Anne Brorhilker oben Cum-Ex: „Die Finanzlobby und ihre teuren Anwälte Kontakt haben leer Tricks“
Gerade hat die Bürgerbewegung Finanzwende ihre jüngste Neuverpflichtung bekannt gegeben: Kevin Kühnert, zuletzt SPD-Generalsekretär, wird für die NGO fortan den Bereich Steuern, Verteilung, Lobbyismus leiten. Bei Finanzwende ist er nicht der einzige prominente Name: 2008 vom Grünen Gerhard Schick gegründet, sitzen heute der ehemalige SPD-Chef und nordrhein-westfälische Finanzminister Norbert Walter-Borjans oder auch Campact-Chef Christoph Bautz im Aufsichtsrat von Finanzwende. Als „Fellows“ unterstützen unter anderem der Millionär Josef Rick und der frühere NRW-Justizminister Peter Biesenbach (CDU) das „Gegengewicht zur Finanzlobby“.

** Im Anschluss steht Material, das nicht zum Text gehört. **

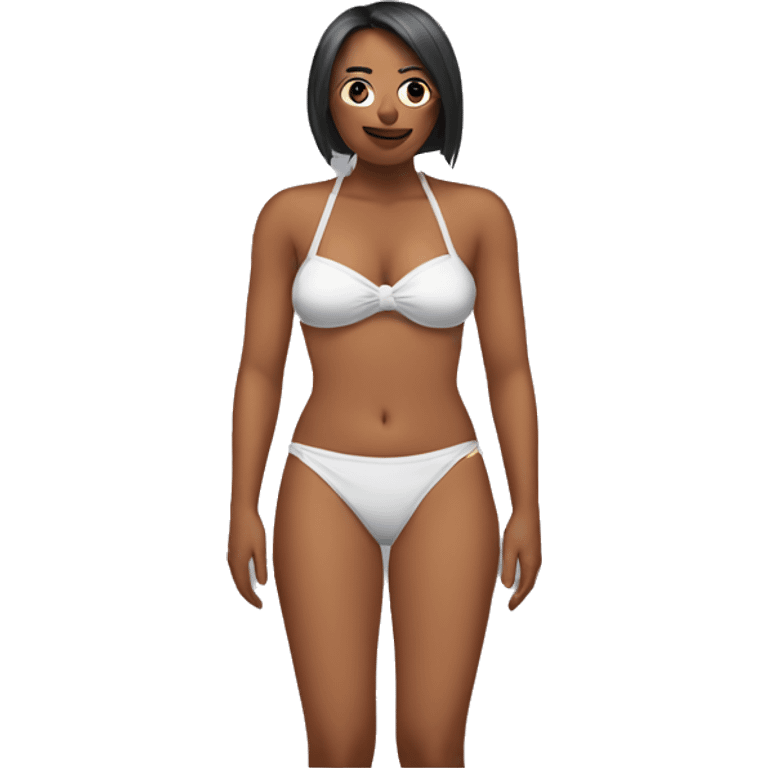 sfw invisible bikini emoji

Biesenbach hat Anne Brorhilker einmal „das Gehirn und die treibende Kraft“ der Ermittlungen des milliardenschweren Cum-Ex-Raubzugs genannt. Brorhilker war Oberstaatsanwältin in Köln, bevor sie ihren Beamtenstatus aufgab und zu Finanzwende wechselte. Heute ist sie Vorständin der NGO. Jüngst ist ihr Buch Cum/Ex, Milliarden und Moral. Warum sich der Kampf gegen Wirtschaftskriminalität lohnt erschienen. Im Freitag-Gespräch verrät Brorhilker unter anderem, was sie von Kühnerts SPD-Parteifreund Lars Klingbeil im Amt des Bundesfinanzministers hält.

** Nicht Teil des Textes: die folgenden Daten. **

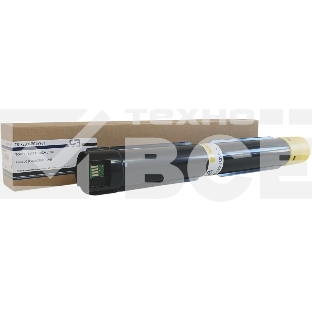 Картридж лазерный CopyRite CR-XE006R01696Y 006R01696 желтый (3000стр.) для Xerox DC SC2020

der Freitag: Frau Brorhilker, wie kann Ihnen Kevin Kühnert denn konkret helfen?
Anne Brorhilker: Ich freue mich sehr auf die Zusammenarbeit mit ihm, denn im Bereich Steuern und Verteilung möchten wir der Finanzlobby dringend mehr auf die Finger klopfen. Kevin Kühnert wird uns dabei eine große Hilfe sein. Den Gegenwind, der gerade in der Finanzpolitik spürbar wird, wenn man laut und kritisch seine Stimme erhebt, kennt er genauso gut wie ich.
Sie beide sind Seitenwechsler. Aber hat es sich gelohnt, Ihre machtvolle Position als Staatsanwältin aufzugeben für eine vergleichsweise kleine NGO?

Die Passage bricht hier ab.